У меня все помертвело в груди.
— Как… двадцать пять?! Вы же сказали — пятнадцать за троих! А сейчас… а сейчас за двоих… и в два почти раза…
— Я тебе ничего не говорил, — оборвал меня офицер.
— Как?! Подожди, как? Так не пойдет!
— Иди сюда, подожди, иди сюда, послушай, — с испуганными глазами зашептал Абд, отводя меня в сторонку. — Все изменилось. Вы чуть-чуть опоздали. На пару часов всего. Там была смена другого офицера, он был согласен за пятнадцать, а этот только за двадцать пять.
— И двоих! — вскрикнул я. — Двоих! А я-то как?
— А ты не быкуй?! Че ты бычишь?! — угрожающе попер на меня офицер.
— Это я-то быкую?! Я-то?!
— Сядь в машину и успокойся! — и он пихнул меня в сторону моей машины. — Ценник один, не хочешь — не плати!
— Да не трогай ты меня! — я резким движением отбил его руку. — Беспредел творите какой-то!
И тут я увидел, как офицер достает пистолет из кобуры и стреляет мне в живот. Я весь похолодел. Хлопок от выстрела был сильный, Мия дрогнула, мальчик заплакал.
Боли я не ощутил и поэтому немного успокоился.
— Вот! Вот деньги! — закричала Мия, тыча пачкой в офицера.
Выходило, что и вправду я зря орал, при подсчете у нас вышло как раз двадцать пять миллионов. Только вот я оказывался в пролете. Но это было уже и не очень важно. Я очень сильно устал и замерз.
Все они — и Мия с ребенком, и пограничники стали усаживаться во внедорожник.
Я вдруг почему-то запыхался и прислонился к машине, стоять было тяжеловато.
Мальчик подбежал и обнял меня.
— Ты же обещал, что мы поговорим! Пошли! Пошли с нами!
— Я не могу. Мне денег не хватило… — прошептал я, никак не в силах сообразить: почему, если мне холодно, почему вся рубашка взмокла от пота.
— Ну договорись! Ну сделай что-нибудь! — обливался он слезами.
— Идите пока без меня. Я… вернусь в город, продам машину и приеду. Вам еще все равно несколько суток в фильтрационном лагере болтаться, — я усмехнулся. Но с какой стати я так запыхался?
— Пойдем с нами! Я только встретил тебя, и ты опять уходишь?!
— Идите, — я деревенеющей рукой погладил его по голове. — Ты, главное, не позволяй себя никому обижать. Никто не имеет права тебя обижать! И учись. Это никогда не помешает. Учись, — я задрал его голову, чтобы посмотреть в лицо. — Да… ты похож на нее, похож. Ну, иди. Разревелся, как девчонка. Встретимся завтра.

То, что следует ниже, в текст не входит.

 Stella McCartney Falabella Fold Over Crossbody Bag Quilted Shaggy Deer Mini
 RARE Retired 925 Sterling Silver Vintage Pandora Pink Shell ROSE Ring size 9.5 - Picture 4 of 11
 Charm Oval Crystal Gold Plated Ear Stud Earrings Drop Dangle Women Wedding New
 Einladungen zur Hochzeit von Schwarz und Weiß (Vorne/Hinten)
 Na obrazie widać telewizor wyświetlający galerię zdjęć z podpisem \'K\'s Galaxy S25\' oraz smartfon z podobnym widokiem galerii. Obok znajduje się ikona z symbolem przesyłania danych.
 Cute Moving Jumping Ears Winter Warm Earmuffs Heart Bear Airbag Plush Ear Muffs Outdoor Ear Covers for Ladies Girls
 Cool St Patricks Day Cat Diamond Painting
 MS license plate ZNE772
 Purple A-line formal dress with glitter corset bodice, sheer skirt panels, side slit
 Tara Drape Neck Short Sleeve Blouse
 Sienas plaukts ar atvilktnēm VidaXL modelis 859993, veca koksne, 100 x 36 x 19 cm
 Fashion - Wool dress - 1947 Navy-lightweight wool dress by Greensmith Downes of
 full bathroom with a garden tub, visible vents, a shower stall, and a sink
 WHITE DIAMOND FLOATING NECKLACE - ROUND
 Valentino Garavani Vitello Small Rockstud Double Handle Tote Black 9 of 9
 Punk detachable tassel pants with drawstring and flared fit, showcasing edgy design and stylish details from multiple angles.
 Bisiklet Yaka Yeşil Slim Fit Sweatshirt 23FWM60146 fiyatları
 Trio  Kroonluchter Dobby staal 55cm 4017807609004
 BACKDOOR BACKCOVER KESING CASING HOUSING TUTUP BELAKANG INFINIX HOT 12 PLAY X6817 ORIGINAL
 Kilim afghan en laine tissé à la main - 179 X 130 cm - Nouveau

И Мия забрала его в машину. Колеса взревели, и они умчались.
В глазах мутнело. Я как-то… чем-то, наверно, очень сильно отравился… я не знаю.
Слабость была ужасная, но я все равно дотерпел, покуда они не скроются в недрах пограничного перехода. И только потом сполз на каменистый песок. Засунул ладонь под куртку, потрогал правый бок… Все же подстрелили они меня…
Мне стало тяжко. Я представил себе, что сейчас надо будет вставать, оказывать самому себе медицинскую помощь, потом как-то ехать в город. Продавать машину. Возвращаться сюда. Да и хватит ли денег? И как это все будет долго и муторно.
Вот и опять жизнь дала мне по башке, и опять нужно вставать, и брать себя в руки, и жить дальше. До тех пор, пока тебя опять не придавит. И тогда опять нужно будет брать себя в руки и вставать…
Я вздохнул. Я отдохну еще немножечко и тогда пойду.
Небо стало теплеть. Начался рассвет.
И только сейчас, в первый раз в жизни, я наконец-то ощутил это чудо — всю нежность тихого ветра.